Research Focus: The Role of Dance in U.S.-Cuban Relations
Initial Research (2016-2017)
In fall 2016, I studied revolutionary education, history, and sociology in Havana, Cuba. During my time there, I spent a week in Conjunto Artístico Comunitario Korimakao, a community arts center in Matanzas. The artists led us through Afro-Cuban folkloric dance, contemporary phrases, and salsa partnering. An emphasis on dialogue and an openness surrounding artistic process made this foreign environment welcoming and accessible.
My internship at Jacob's Pillow Dance in Becket, MA introduced me to celebrated Cuban flamenco choreographer Irene Rodríguez. Irene's triumphant Pillow debut sparked new questions--how do American dance presenters approach international collaboration and artistic exchange with contemporary Cuban dance companies? From there, I interviewed Linda Shelton, the Executive Director of The Joyce Theater, who, since 2001, has spearheaded trips that bring American dance presenters (like Pamela Tatge of Jacob's Pillow) to Cuba. Shelton, through The People-to People-Initiative (now banned by Trump), also brought renowned choreographers like Ronald K. Brown and Ohad Naharin to Havana to set works on Malpaso Dance Company, a privately-funded, contemporary Cuban group.

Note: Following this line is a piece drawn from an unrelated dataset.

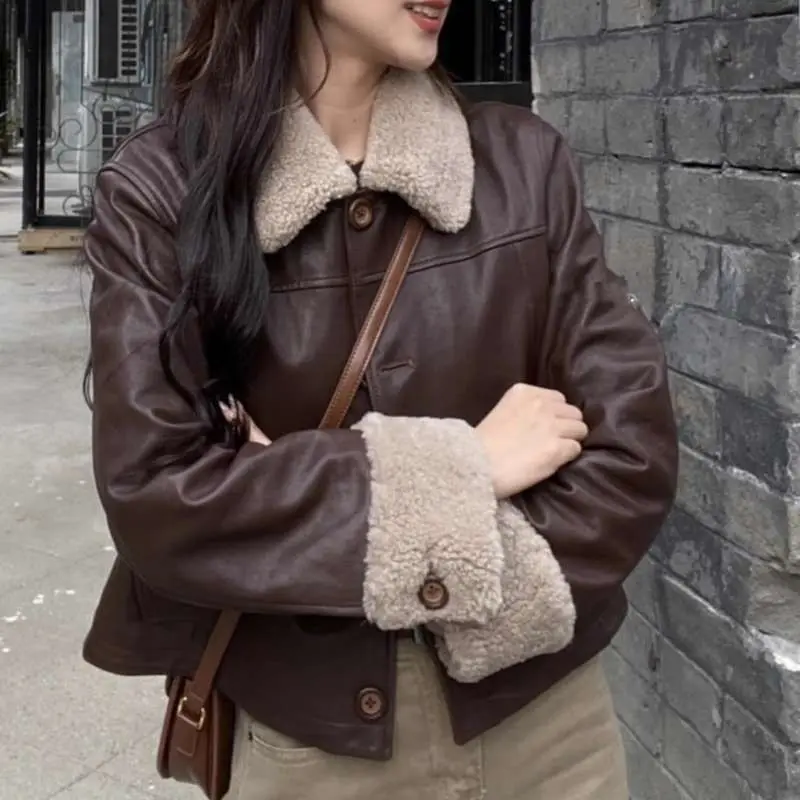 New short fashion motorcycle clothing for autumn and winter, women's outerwear with thickened top, motorcycle loose fit
New short fashion motorcycle clothing for autumn and winter, women's outerwear with thickened top, motorcycle loose fit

In my senior year of Connecticut College, my studies shifted toward Latin American, and specifically Cuban, dance. With a focus on globalization, I researched the Americanization of salsa dance and dance's relationship with tourism in Latin American countries. My introduction to socialist ideologies in Cuba led me to question how governing ideologies in the U.S., and our overarching capitalist systems, continue to shape our performing arts culture.
Honors Thesis (2017-2018)
My senior honors thesis in dance pairs a 70-page research paper with a 13-minute dance work, titled, "That's Not My Neighbor: Artistic Exchange as a Vehicle to Normalize Relations Between Cuba and the United States".
Since Fidel Castro’s revolution, the globalization of dance has initiated heightened interaction between Cuban and American art presenters, dancers, choreographers, and students. This newfound communication, and the interrelated nature of dance and politics raises the question of how dance might shape or be shaped by these changing political relations.
Through my research, I reveal how popular discourse surrounding Cuban dance companies sparks political tension between Cuba and the United States.
I argue that dance critics do not acknowledge Cuba’s innovation, but rather highlight its perceived backwardness by evaluating Cuban choreography through an American dance lens. I conclude that American artists need to adopt a more Cuban approach to collaboration that values effective dialogue and openness to change.
Post-Grad Research (2019-present)
After the initial showing of "That's Not My Neighbor" at Connecticut College, the work came to NYC, where it has been performed at Arts On Site. I look forward to showing this work at WAXworks (August 2019) and the Liberty Hall Dance Festival (September 2019).
From January-June of 2019, I worked for the Havana Film Festival New York (HFFNY) under the American Friends of the Ludwig Foundation of Cuba (AFLFC). As the Press Coordinator, I connected with Latinx filmmakers, writers, actors, and photographers, to ensure that my research goes beyond the dance realm.
We live under an administration that threatens our relationship with Cuba--it's more important than ever that we embrace the undeniable artistic innovation of our southern neighbor. In June 2019, Trump banned "People-to-People" visits to Cuba, reversing Obama's efforts to normalize relations between the two countries.
My hope is that this research and dance work will pave the way for a new type of dialogue surrounding Cuba--one that does not allow political tension to govern the way we perceive Cuban dance.
I hope to ultimately bring my own dance work to Cuba, and collaborate with contemporary Cuban companies so that I can experience for myself, in the studio, how my research on artistic exchange might materialize. I am eager to live in Cuba for a more extended period of time, so that I can use rehearsal spaces, talk to companies that are both funded by the Cuban government and run privately, visit dance schools, and digest what it's like to exist as a dancer in Cuba. Going forward, I will ask, how does living under socialist ideologies shape a dancer’s identity and a dancer’s value within a shifting Cuban economy?